# Fish Grips - Which ones?



## Bart70 (Jan 28, 2007)

Hi,

Went for a look at some 'fish grips' the other day (the type with the big handle and 'C' clamp that grabs the fish's lip).

The tackle shop had fairly expensive ones ($40-80) but I notices one brand - Juro - that was about $22.

Has anybody had any experience with the Juro grips?.....I just dont want to spend big $$ on gear that I dont really need to....

Any advice?


----------



## PeterJ (Aug 29, 2005)

I have berkely , $29 at BigW. Do the job well


----------



## chiefshaka (Jan 29, 2007)

I have some Berkley ones that my daughter won as part of a prize pack with ET's Junior Catch of the Week. 8) Cost nothing, if they go rusty despite regular maintenance, nothing lost.


----------



## Phoenix (Jan 12, 2006)

I found the berkley pocket grips rust very easily, I also know a few others which have found the same thing.

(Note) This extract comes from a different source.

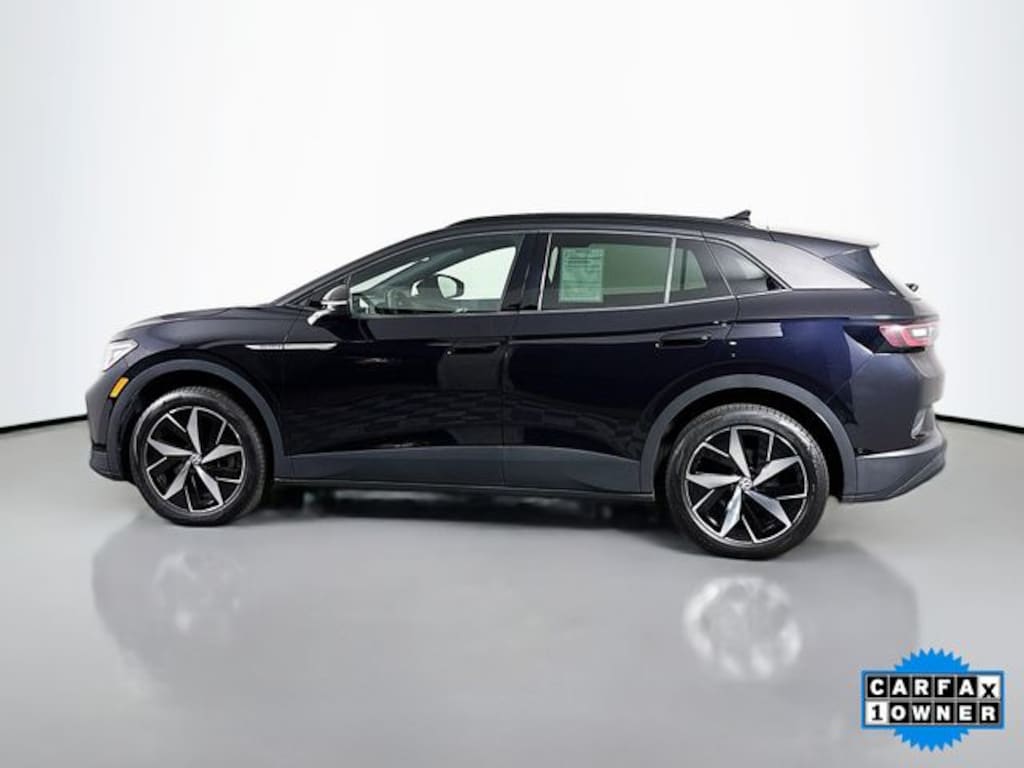 Used 2023 Volkswagen ID.4 Pro S SUV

The big berkley for $29 have proven themselves time and again


----------



## spooled1 (Sep 16, 2005)

Anything that lasts more than a year, falls off the yak and costs $29 bucks is money well spent.


----------



## rawprawn (Aug 31, 2005)

caught2 said:


> I have Berkely and after just a few triips in the salt there's signs of rust


My Berkelys also rusted.


----------



## rawprawn (Aug 31, 2005)

caught2 said:


> I have Berkely and after just a few triips in the salt there's signs of rust


My Berkelys also rusted.


----------



## PeterJ (Aug 29, 2005)

Hmm , my Berkely's have no rust at all on em.


----------



## rawprawn (Aug 31, 2005)

I must have the fresh water version. Mine had a small tape on the side that rusted into a solid lump. I dont wash down my gear much but it still rusted very quickly.


----------



## Tim (Nov 11, 2005)

rawprawn said:


> I must have the fresh water version. Mine had a small tape on the side that rusted into a solid lump. I dont wash down my gear much but it still rusted very quickly.


same here.


----------



## Billybob (Aug 29, 2005)

I've had the same Berkleys for four years and no sign of rust.


----------